═════ Source data
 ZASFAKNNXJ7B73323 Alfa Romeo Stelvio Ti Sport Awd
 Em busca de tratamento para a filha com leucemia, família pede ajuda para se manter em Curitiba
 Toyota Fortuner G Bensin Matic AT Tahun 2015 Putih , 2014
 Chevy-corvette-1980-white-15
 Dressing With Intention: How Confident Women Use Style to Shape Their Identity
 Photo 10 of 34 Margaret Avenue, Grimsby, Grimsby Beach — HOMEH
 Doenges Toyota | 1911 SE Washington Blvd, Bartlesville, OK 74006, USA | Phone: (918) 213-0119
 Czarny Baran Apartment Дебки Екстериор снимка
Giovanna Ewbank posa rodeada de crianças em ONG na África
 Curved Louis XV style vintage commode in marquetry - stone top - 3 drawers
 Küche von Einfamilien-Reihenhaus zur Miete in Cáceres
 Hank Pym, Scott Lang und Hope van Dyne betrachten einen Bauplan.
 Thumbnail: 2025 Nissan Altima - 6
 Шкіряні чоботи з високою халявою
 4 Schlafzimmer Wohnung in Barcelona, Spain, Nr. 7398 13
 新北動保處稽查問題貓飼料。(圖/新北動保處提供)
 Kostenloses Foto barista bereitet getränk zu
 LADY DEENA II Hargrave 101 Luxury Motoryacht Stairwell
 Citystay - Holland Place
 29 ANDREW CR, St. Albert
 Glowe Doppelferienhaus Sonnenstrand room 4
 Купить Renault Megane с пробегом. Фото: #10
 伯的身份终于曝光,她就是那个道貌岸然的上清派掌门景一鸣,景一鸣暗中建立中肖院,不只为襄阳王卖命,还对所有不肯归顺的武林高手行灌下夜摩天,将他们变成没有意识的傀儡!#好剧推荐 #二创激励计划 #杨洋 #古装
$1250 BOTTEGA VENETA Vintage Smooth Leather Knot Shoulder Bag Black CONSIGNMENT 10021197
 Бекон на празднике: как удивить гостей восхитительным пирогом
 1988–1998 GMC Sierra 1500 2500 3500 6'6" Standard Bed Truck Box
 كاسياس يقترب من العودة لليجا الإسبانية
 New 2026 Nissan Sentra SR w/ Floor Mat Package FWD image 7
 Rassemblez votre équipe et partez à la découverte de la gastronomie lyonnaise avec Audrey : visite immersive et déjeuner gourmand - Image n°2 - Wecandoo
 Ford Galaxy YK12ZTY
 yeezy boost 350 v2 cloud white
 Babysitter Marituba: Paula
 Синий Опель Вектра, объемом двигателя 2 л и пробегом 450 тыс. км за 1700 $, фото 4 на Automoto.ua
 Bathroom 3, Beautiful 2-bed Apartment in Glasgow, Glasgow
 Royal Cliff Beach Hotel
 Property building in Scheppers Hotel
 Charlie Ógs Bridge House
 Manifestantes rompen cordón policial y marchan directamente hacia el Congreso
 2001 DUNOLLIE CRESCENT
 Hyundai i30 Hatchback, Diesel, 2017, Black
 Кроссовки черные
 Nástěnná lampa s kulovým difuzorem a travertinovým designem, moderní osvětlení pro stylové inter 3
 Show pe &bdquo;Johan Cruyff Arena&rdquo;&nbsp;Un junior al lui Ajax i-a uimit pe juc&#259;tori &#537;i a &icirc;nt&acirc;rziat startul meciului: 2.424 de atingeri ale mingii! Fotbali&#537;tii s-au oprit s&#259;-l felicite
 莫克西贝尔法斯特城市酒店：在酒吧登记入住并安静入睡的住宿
══════════
* What you will do *
Word for word, copy all of the listing above.

* Task output *
 ZASFAKNNXJ7B73323 Alfa Romeo Stelvio Ti Sport Awd
 Em busca de tratamento para a filha com leucemia, família pede ajuda para se manter em Curitiba
 Toyota Fortuner G Bensin Matic AT Tahun 2015 Putih , 2014
 Chevy-corvette-1980-white-15
 Dressing With Intention: How Confident Women Use Style to Shape Their Identity
 Photo 10 of 34 Margaret Avenue, Grimsby, Grimsby Beach — HOMEH
 Doenges Toyota | 1911 SE Washington Blvd, Bartlesville, OK 74006, USA | Phone: (918) 213-0119
 Czarny Baran Apartment Дебки Екстериор снимка
Giovanna Ewbank posa rodeada de crianças em ONG na África
 Curved Louis XV style vintage commode in marquetry - stone top - 3 drawers
 Küche von Einfamilien-Reihenhaus zur Miete in Cáceres
 Hank Pym, Scott Lang und Hope van Dyne betrachten einen Bauplan.
 Thumbnail: 2025 Nissan Altima - 6
 Шкіряні чоботи з високою халявою
 4 Schlafzimmer Wohnung in Barcelona, Spain, Nr. 7398 13
 新北動保處稽查問題貓飼料。(圖/新北動保處提供)
 Kostenloses Foto barista bereitet getränk zu
 LADY DEENA II Hargrave 101 Luxury Motoryacht Stairwell
 Citystay - Holland Place
 29 ANDREW CR, St. Albert
 Glowe Doppelferienhaus Sonnenstrand room 4
 Купить Renault Megane с пробегом. Фото: #10
 伯的身份终于曝光,她就是那个道貌岸然的上清派掌门景一鸣,景一鸣暗中建立中肖院,不只为襄阳王卖命,还对所有不肯归顺的武林高手行灌下夜摩天,将他们变成没有意识的傀儡!#好剧推荐 #二创激励计划 #杨洋 #古装
$1250 BOTTEGA VENETA Vintage Smooth Leather Knot Shoulder Bag Black CONSIGNMENT 10021197
 Бекон на празднике: как удивить гостей восхитительным пирогом
 1988–1998 GMC Sierra 1500 2500 3500 6'6" Standard Bed Truck Box
 كاسياس يقترب من العودة لليجا الإسبانية
 New 2026 Nissan Sentra SR w/ Floor Mat Package FWD image 7
 Rassemblez votre équipe et partez à la découverte de la gastronomie lyonnaise avec Audrey : visite immersive et déjeuner gourmand - Image n°2 - Wecandoo
 Ford Galaxy YK12ZTY
 yeezy boost 350 v2 cloud white
 Babysitter Marituba: Paula
 Синий Опель Вектра, объемом двигателя 2 л и пробегом 450 тыс. км за 1700 $, фото 4 на Automoto.ua
 Bathroom 3, Beautiful 2-bed Apartment in Glasgow, Glasgow
 Royal Cliff Beach Hotel
 Property building in Scheppers Hotel
 Charlie Ógs Bridge House
 Manifestantes rompen cordón policial y marchan directamente hacia el Congreso
 2001 DUNOLLIE CRESCENT
 Hyundai i30 Hatchback, Diesel, 2017, Black
 Кроссовки черные
 Nástěnná lampa s kulovým difuzorem a travertinovým designem, moderní osvětlení pro stylové inter 3
 Show pe &bdquo;Johan Cruyff Arena&rdquo;&nbsp;Un junior al lui Ajax i-a uimit pe juc&#259;tori &#537;i a &icirc;nt&acirc;rziat startul meciului: 2.424 de atingeri ale mingii! Fotbali&#537;tii s-au oprit s&#259;-l felicite
 莫克西贝尔法斯特城市酒店：在酒吧登记入住并安静入睡的住宿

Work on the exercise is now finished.